- **Task description**: With pictures omitted, copy exactly every line from the one that contains "This hidden gem" to the end of the listing below.

── Records shown ──

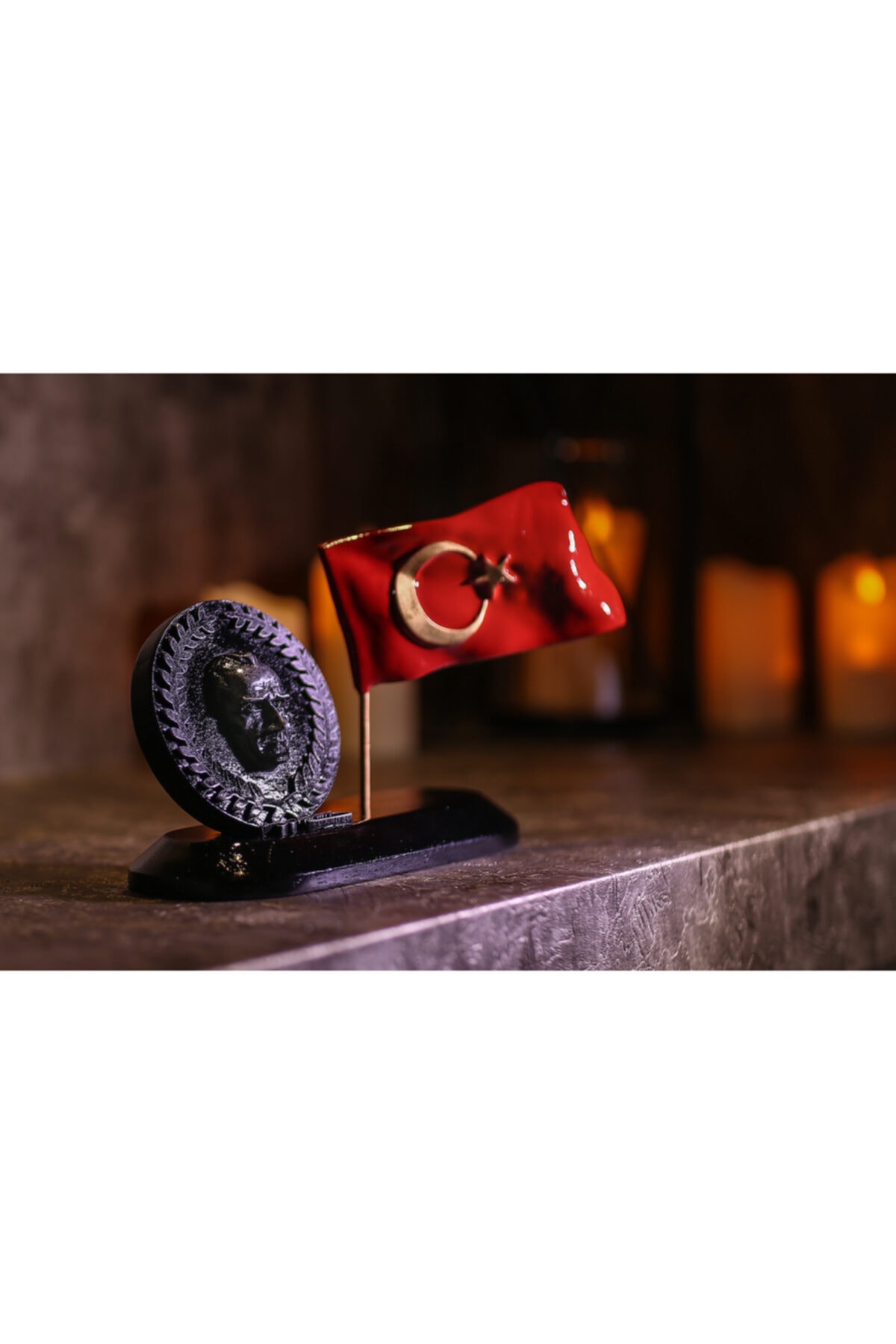 Çelenk Içinde Atatürk Temalı Masa Üstü Biblo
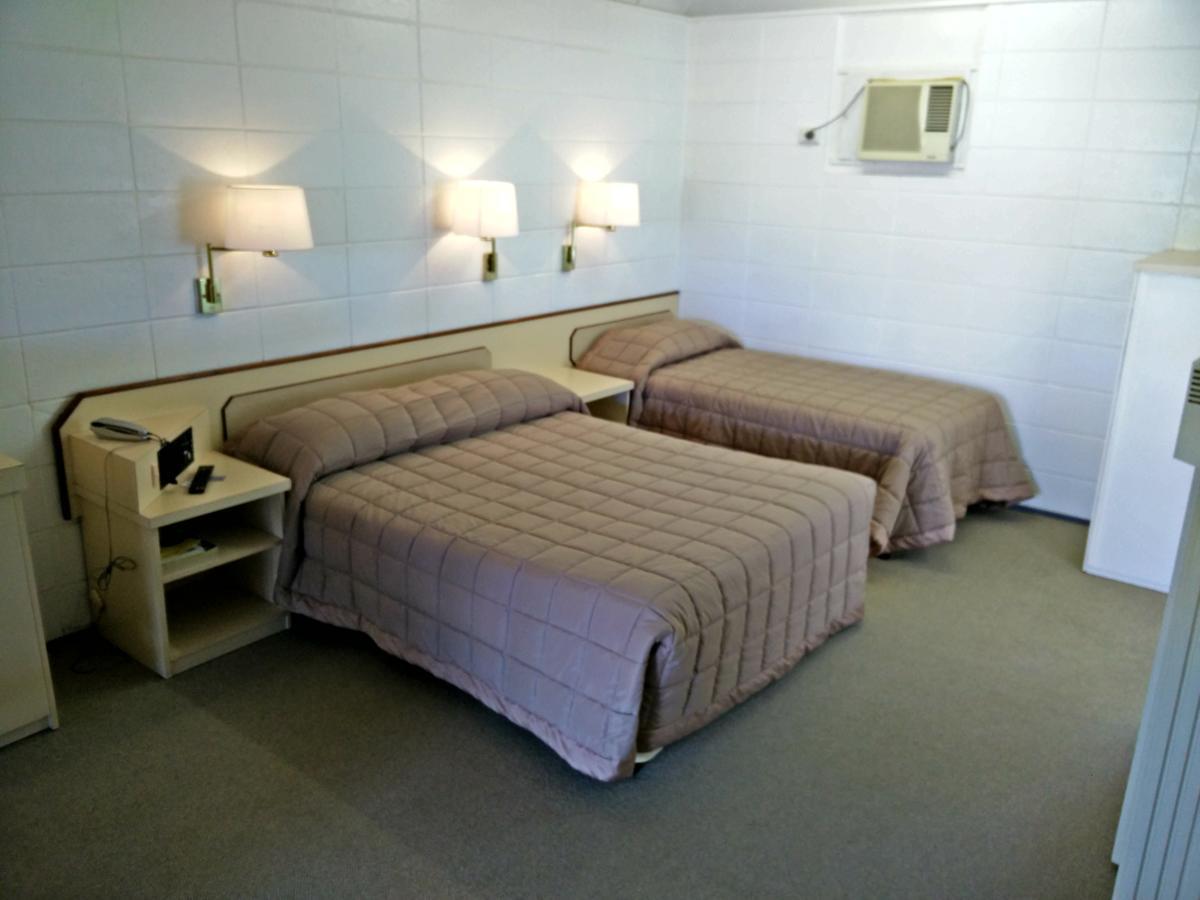 Cairns Motor Inn Eksteriør bilde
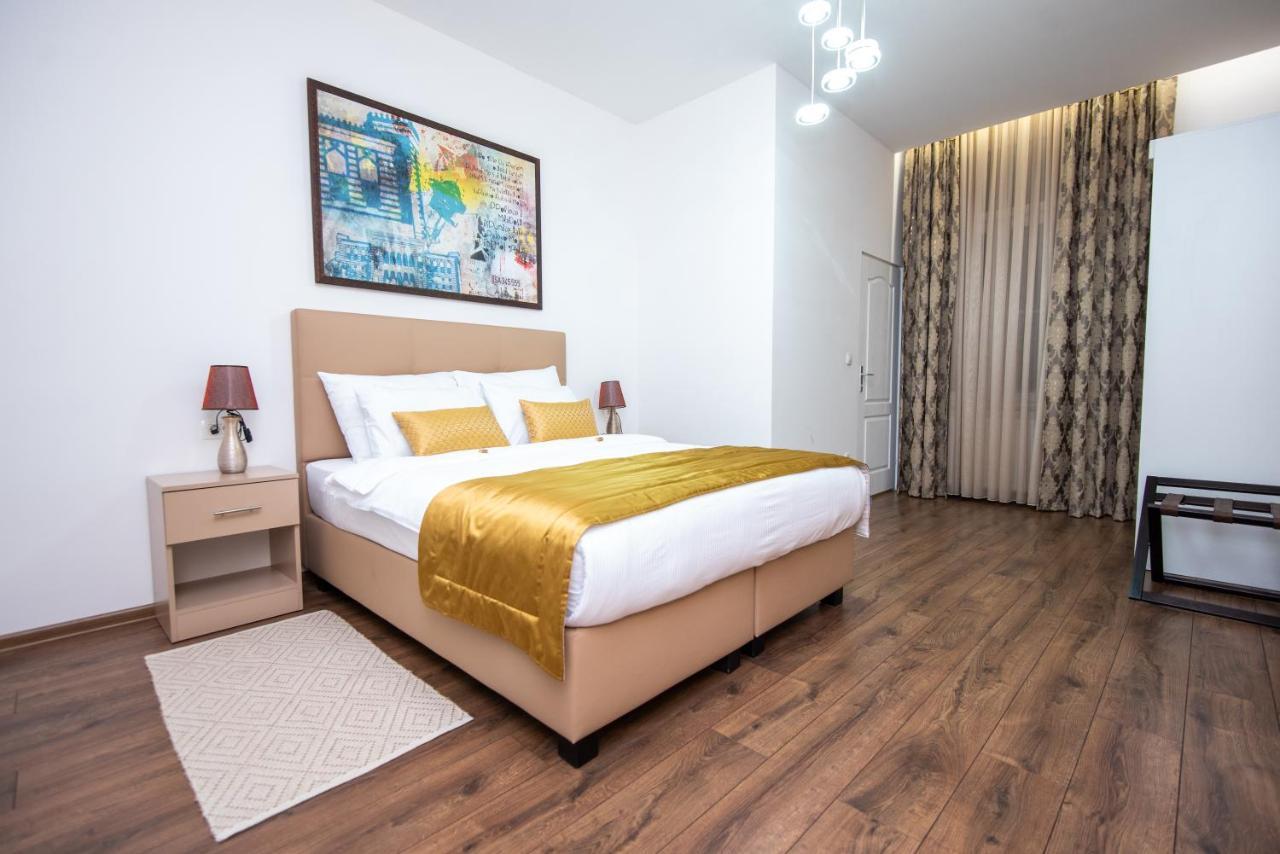 Megapolis Main Street Suites Saraievo Exterior foto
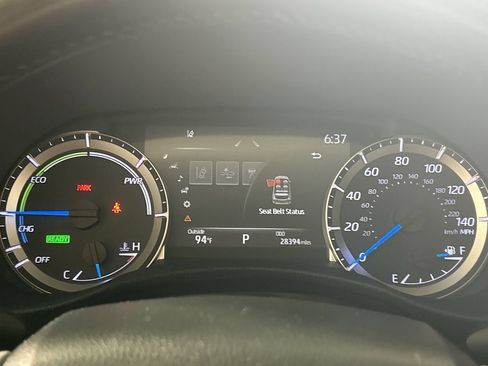 Used 2023 Toyota Highlander Bronze Edition FWD image 15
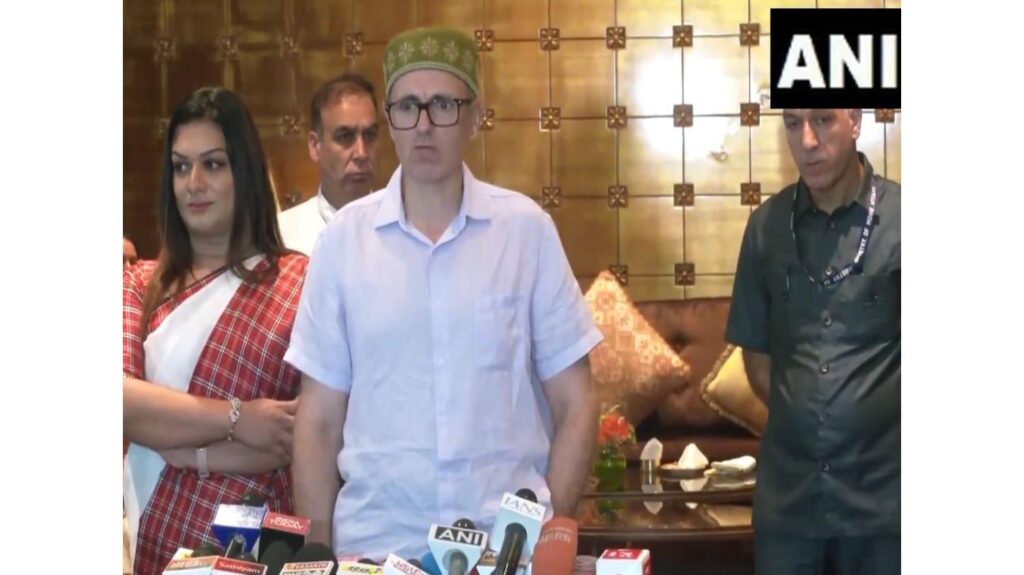 Jammu and Kashmir CM Omar Abdullah's big statement on 'vote theft', said "People of Bihar are extremely dissatisfied with the conduct of Election Commission"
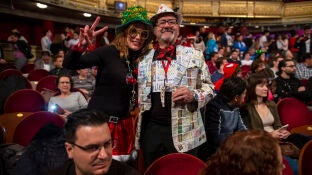 Los disfraces m&aacute;s divertidos del sorteo de la Loter&iacute;a de Navidad en el Teatro Real
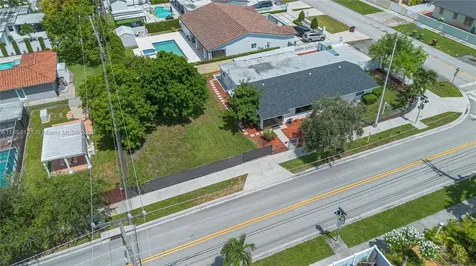 7605 W 6th Avenue Hialeah FL 33014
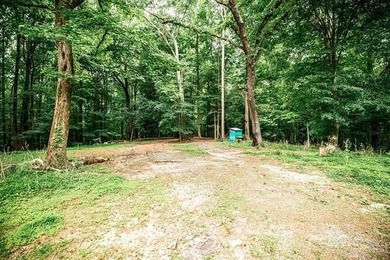 This hidden gem is waiting for you! Here is a unique opportunity - photo 3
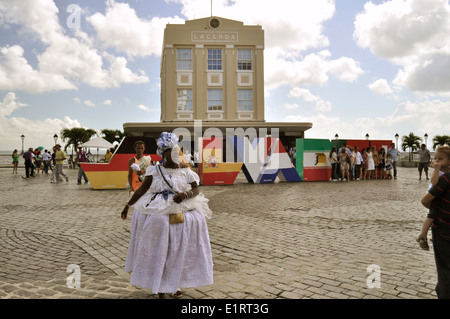 Elevador Lacerda, Länderflaggen der Vorrundengegner, WM 2014, Salvador da Bahia, Brasilien. Stockfoto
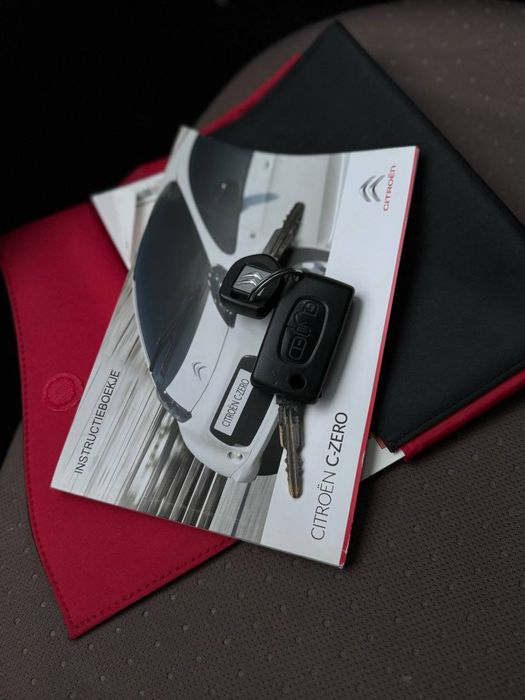 Citroen C-Zero Електро Авто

───

- **Written solution**:
 This hidden gem is waiting for you! Here is a unique opportunity - photo 3
 Elevador Lacerda, Länderflaggen der Vorrundengegner, WM 2014, Salvador da Bahia, Brasilien. Stockfoto
 Citroen C-Zero Електро Авто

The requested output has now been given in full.